Even the figure up the top of the platform is correctly proportioned and well painted.
 

dibateg

Western Thunderer
Enjoying the thread Dave - I built one of the POW sides tanks, but ended up rolling my own tank ( See the Derby Line Thread ) from scrap brass sheet to get the distinct welded sections. With a set of rolling bars it is quite easy - something else I never thought I would do!

I shall have to post some pics now it's painted, I awlays have trouble getting the transfers to look convincing though.

Cheers

Tony
 

Dave

Western Thunderer
Thanks for the comments, chaps (even you PJ you cheeky git ;) ).

John - the ballast is made from real ballast. There's an old trackbed, a few miles from home, that was a colliery line and I sometimes take the dogs for a walk down there. The old ballast was bulldozed away some years ago but you can still find in the undergrowth lumps of ash and foundry slag that seem to have made up the most of it. There's also the odd piece of coal and coke too that go into the mix, along with bits of broken brick and tile.

I crush the lumps with a pestle and mortar and then sieve them. The sieved ballast is brushed into place and held there with diluted wood glue and Klear.

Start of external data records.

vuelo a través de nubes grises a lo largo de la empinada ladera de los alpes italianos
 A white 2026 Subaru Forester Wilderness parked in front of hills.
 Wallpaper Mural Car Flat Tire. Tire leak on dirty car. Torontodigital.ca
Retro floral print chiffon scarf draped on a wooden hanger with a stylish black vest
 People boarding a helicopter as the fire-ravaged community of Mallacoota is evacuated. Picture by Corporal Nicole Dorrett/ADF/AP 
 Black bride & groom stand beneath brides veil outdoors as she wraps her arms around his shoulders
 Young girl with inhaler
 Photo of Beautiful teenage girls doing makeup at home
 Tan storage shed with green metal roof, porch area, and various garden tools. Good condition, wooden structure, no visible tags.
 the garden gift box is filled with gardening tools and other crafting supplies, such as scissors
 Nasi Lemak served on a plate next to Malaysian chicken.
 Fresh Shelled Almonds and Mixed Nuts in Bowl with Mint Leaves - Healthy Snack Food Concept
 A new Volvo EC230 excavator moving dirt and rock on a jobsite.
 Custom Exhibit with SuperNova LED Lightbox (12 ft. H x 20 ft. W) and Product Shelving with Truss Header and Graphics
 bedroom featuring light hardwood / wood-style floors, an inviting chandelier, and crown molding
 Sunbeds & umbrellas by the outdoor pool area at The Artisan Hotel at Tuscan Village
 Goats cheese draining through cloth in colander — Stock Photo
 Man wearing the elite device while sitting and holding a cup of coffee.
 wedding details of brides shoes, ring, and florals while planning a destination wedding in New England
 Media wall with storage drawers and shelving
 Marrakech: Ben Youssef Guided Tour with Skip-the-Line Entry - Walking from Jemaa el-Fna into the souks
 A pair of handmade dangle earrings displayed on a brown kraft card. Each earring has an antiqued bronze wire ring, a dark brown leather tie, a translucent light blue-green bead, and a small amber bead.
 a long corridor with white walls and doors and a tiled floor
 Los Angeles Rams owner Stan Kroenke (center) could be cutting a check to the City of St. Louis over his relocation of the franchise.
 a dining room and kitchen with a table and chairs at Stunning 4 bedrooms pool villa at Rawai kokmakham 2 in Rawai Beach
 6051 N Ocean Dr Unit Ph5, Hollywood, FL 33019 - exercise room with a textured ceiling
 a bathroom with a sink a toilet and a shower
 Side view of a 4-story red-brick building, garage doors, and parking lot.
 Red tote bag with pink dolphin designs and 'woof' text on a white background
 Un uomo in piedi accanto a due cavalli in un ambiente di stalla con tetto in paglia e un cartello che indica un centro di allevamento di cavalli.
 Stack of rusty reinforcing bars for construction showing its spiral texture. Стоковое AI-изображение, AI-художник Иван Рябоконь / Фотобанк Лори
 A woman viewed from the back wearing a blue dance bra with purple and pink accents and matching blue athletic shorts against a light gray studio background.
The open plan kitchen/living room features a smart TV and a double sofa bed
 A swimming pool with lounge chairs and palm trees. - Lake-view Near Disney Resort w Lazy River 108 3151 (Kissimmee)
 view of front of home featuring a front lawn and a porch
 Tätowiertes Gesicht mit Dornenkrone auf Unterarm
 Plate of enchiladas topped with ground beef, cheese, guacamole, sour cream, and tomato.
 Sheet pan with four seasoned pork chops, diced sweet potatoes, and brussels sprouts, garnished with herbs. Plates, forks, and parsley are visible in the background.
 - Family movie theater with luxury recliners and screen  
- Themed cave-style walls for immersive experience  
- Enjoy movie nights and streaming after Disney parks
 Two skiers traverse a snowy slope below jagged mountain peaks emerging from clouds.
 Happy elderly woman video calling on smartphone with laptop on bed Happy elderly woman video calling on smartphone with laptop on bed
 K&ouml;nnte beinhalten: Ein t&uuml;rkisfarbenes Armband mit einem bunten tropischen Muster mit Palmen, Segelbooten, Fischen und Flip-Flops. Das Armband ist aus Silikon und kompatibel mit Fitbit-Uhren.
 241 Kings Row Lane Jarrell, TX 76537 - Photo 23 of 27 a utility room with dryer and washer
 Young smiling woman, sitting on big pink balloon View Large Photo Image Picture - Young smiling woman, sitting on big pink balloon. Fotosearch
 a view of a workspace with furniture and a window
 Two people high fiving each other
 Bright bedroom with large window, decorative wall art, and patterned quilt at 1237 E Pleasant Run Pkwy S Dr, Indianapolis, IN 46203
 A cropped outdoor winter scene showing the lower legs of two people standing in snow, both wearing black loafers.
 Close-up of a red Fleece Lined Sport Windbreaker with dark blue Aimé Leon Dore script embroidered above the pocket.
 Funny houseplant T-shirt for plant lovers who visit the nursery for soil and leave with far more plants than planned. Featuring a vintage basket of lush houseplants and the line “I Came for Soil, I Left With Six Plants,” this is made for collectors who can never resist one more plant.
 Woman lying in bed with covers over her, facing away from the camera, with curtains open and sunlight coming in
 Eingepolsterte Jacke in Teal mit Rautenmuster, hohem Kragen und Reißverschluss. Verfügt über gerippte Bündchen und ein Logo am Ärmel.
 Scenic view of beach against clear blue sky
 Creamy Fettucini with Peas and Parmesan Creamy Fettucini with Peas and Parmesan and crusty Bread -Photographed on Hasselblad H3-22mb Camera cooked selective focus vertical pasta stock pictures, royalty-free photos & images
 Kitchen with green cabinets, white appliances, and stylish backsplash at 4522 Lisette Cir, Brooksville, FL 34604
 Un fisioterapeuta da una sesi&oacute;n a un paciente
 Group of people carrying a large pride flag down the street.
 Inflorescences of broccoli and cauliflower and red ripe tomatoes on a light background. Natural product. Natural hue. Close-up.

I think it's much more realistic for an industrial line than the stuff you buy in bags, which is uniform in size and colour.
 

Yorkshire Dave

Western Thunderer
Rob said:
Too late for this one but there is a range of stick on rivet transfers by a company called Archers (in the US but I they are quick to deliver from what I have read) who I believe also do transfers to represent welded seams. I think that they may be aimed at the military modeller market.

From my experience they are quick to deliver. Their rivet, welded seam etc decals were originally aimed at the military modellers market by they have expanded their range to include Railroad Modellers with different types of rivets, louvres, treadplates etc in all scales. They're worth checking out - especially the surface details. They are applied like decals.

http://www.archertransfers.com/SurfaceDetailsMain.html
 

Yorkshire Dave

Western Thunderer
Good work Dave

The tank cars make a nice change from the usual wagons and vans considering the important role they have (or had) distributing petroleum products before the pipelines were built around the country.

On the subject of tank car kits. Have you built the POWsides anchor mount ex Petroleum Board tank car kit - if so what is it like?
 

Dave

Western Thunderer
Good work Dave
On the subject of tank car kits. Have you built the POWsides anchor mount ex Petroleum Board tank car kit - if so what is it like?

I have built two. I'm sure I've posted something about them elsewhere on WT but to sum up - they're crap. :D OK that's not quite true. The chassis and running gear are adequate but nowhere near as nicely detailed as anything from Slaters but the tanks were bloody awful! They are a resin-cast tube and ends. I threw one away and made my own because the tube was egg-shaped and the ends weren't much better. I managed to sand and file one tank to something approaching round and placed it on the frames so that it didn't look too bad after a coat of paint.

From having built both the Meteor 14t RCH and the Powsides Anchor-mount tanks it appears that they share the exact same frame etches and running gear castings but the Meteor kit comes with a nice pre-rolled brass tank with whitemetal ends.

I've done nothing else with the wooden-framed tank. I've been too busy with work and have also been distracted with building another loco kit. I'll maybe post some progess on that next.